--- Exercise ---
What you return should be only the lines in the entries below between the one holding "2023 Ford F150" and the one holding "Câble adaptateur convertisseur", ends included, with every picture left out.

--- Provided data ---
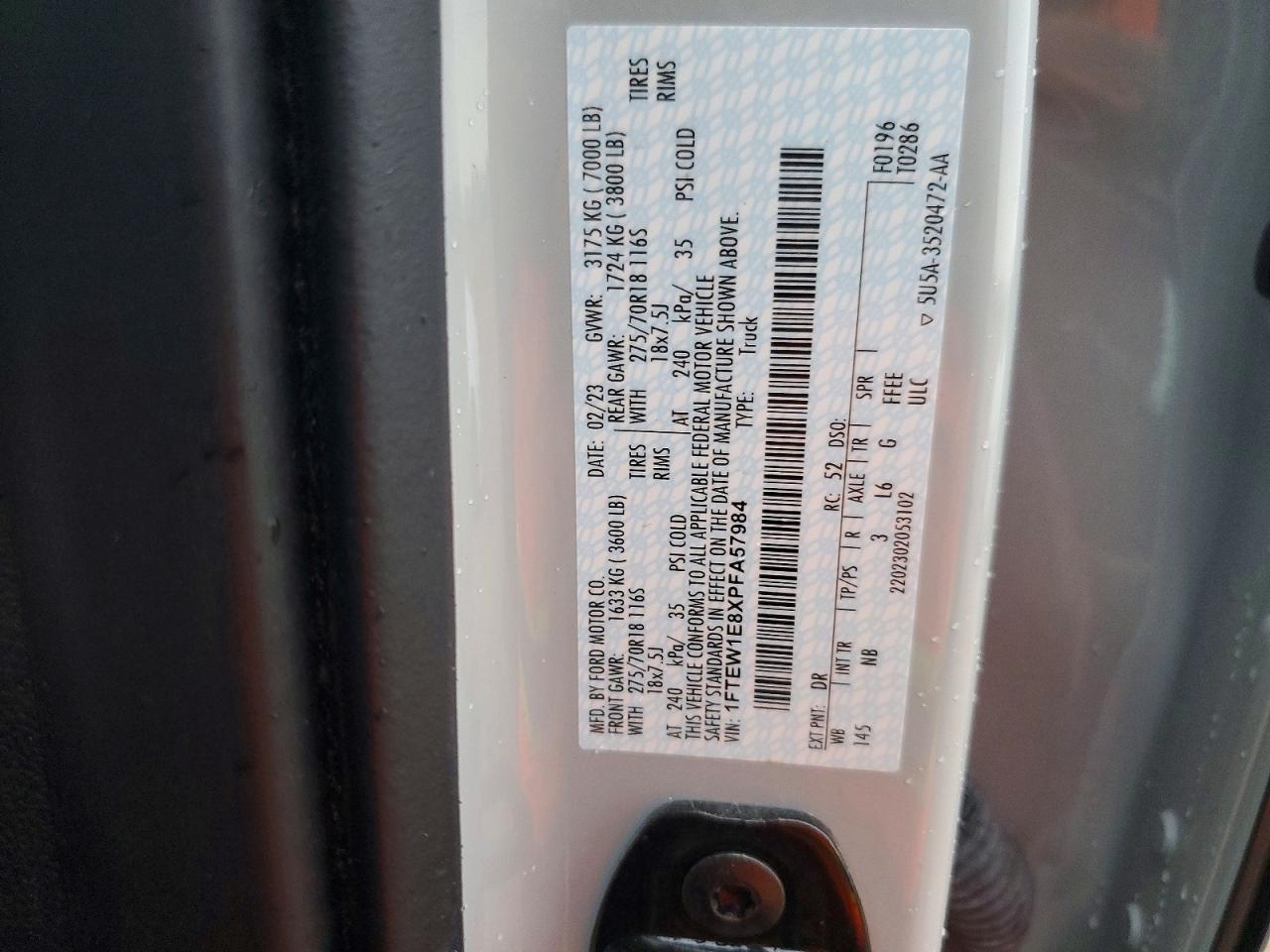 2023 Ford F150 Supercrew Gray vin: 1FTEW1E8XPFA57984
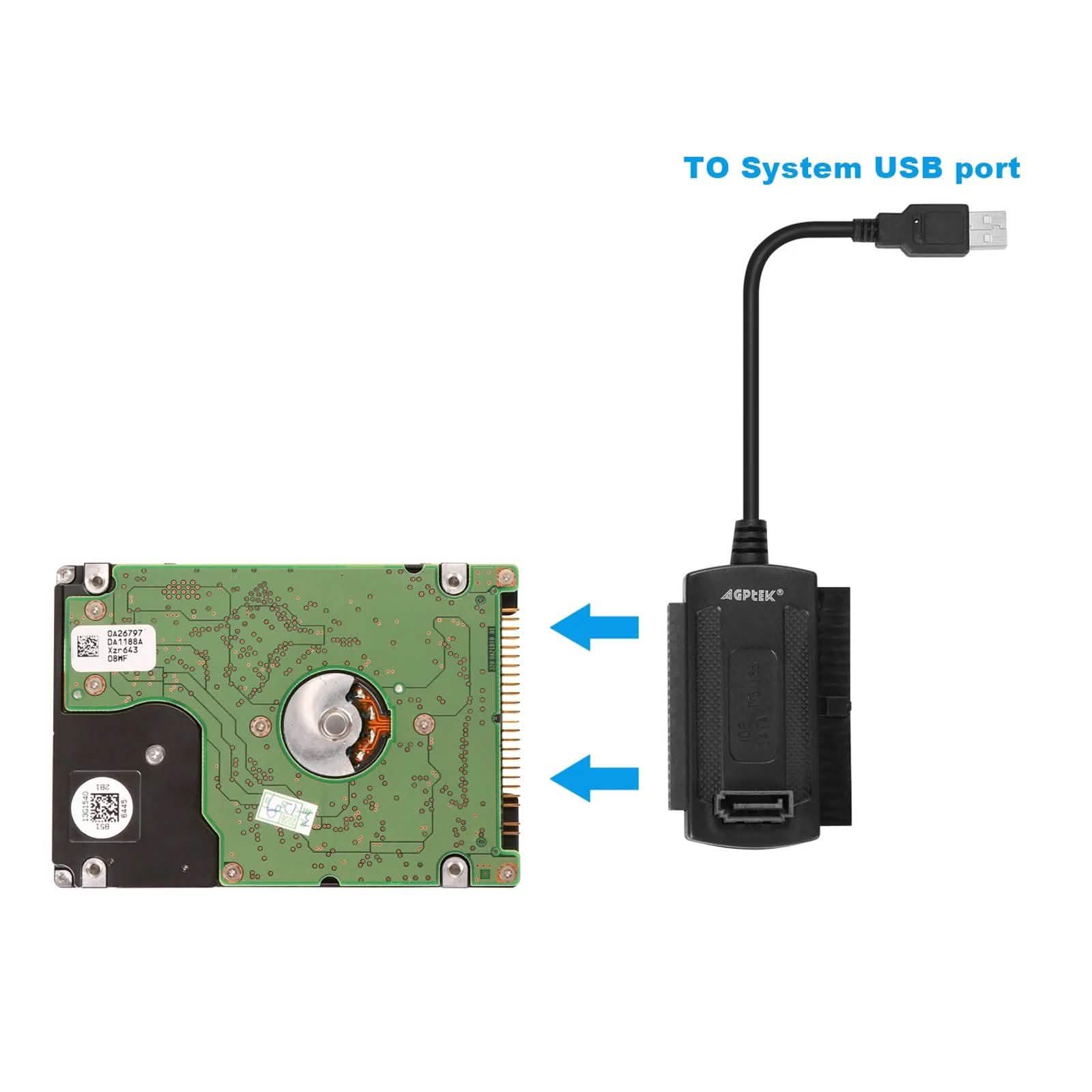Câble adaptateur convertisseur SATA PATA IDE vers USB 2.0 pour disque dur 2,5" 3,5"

---

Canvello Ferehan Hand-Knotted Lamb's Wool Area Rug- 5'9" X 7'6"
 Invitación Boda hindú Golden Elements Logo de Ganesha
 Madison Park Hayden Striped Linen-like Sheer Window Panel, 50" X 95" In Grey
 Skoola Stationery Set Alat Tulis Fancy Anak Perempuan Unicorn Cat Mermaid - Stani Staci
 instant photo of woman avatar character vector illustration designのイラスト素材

--- Result of this task ---
 2023 Ford F150 Supercrew Gray vin: 1FTEW1E8XPFA57984
Câble adaptateur convertisseur SATA PATA IDE vers USB 2.0 pour disque dur 2,5" 3,5"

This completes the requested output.